▶ **AIM OF THE TASK**
What you need to produce from the material below is an exact transcription of the lines from the one with "Right-click 'Problem Reports" through the one with "Welcome to Tenther", both included, and no other line.

▶ **INFORMATION PROVIDED**
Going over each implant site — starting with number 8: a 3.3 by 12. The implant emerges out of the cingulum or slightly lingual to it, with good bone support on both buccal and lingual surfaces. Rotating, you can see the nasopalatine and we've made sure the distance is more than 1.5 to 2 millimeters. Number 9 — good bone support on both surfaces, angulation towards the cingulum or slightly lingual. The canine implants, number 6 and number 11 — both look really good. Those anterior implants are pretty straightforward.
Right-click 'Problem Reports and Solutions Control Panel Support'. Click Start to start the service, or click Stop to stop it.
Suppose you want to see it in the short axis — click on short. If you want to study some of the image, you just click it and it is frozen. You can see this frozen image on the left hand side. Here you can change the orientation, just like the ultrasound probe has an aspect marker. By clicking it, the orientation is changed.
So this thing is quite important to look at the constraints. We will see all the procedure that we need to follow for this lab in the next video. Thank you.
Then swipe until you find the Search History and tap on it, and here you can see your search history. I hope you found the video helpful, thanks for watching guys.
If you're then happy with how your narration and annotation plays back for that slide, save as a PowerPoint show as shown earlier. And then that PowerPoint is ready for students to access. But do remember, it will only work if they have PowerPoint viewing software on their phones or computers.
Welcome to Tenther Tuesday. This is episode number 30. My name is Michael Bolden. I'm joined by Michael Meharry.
* * *
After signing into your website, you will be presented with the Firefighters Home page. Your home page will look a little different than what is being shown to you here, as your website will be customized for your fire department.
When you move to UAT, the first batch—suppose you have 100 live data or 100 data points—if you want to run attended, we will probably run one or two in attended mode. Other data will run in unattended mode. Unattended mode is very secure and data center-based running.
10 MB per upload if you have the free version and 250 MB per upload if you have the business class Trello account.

▶ **EXERCISE RESULT**
Right-click 'Problem Reports and Solutions Control Panel Support'. Click Start to start the service, or click Stop to stop it.
Suppose you want to see it in the short axis — click on short. If you want to study some of the image, you just click it and it is frozen. You can see this frozen image on the left hand side. Here you can change the orientation, just like the ultrasound probe has an aspect marker. By clicking it, the orientation is changed.
So this thing is quite important to look at the constraints. We will see all the procedure that we need to follow for this lab in the next video. Thank you.
Then swipe until you find the Search History and tap on it, and here you can see your search history. I hope you found the video helpful, thanks for watching guys.
If you're then happy with how your narration and annotation plays back for that slide, save as a PowerPoint show as shown earlier. And then that PowerPoint is ready for students to access. But do remember, it will only work if they have PowerPoint viewing software on their phones or computers.
Welcome to Tenther Tuesday. This is episode number 30. My name is Michael Bolden. I'm joined by Michael Meharry.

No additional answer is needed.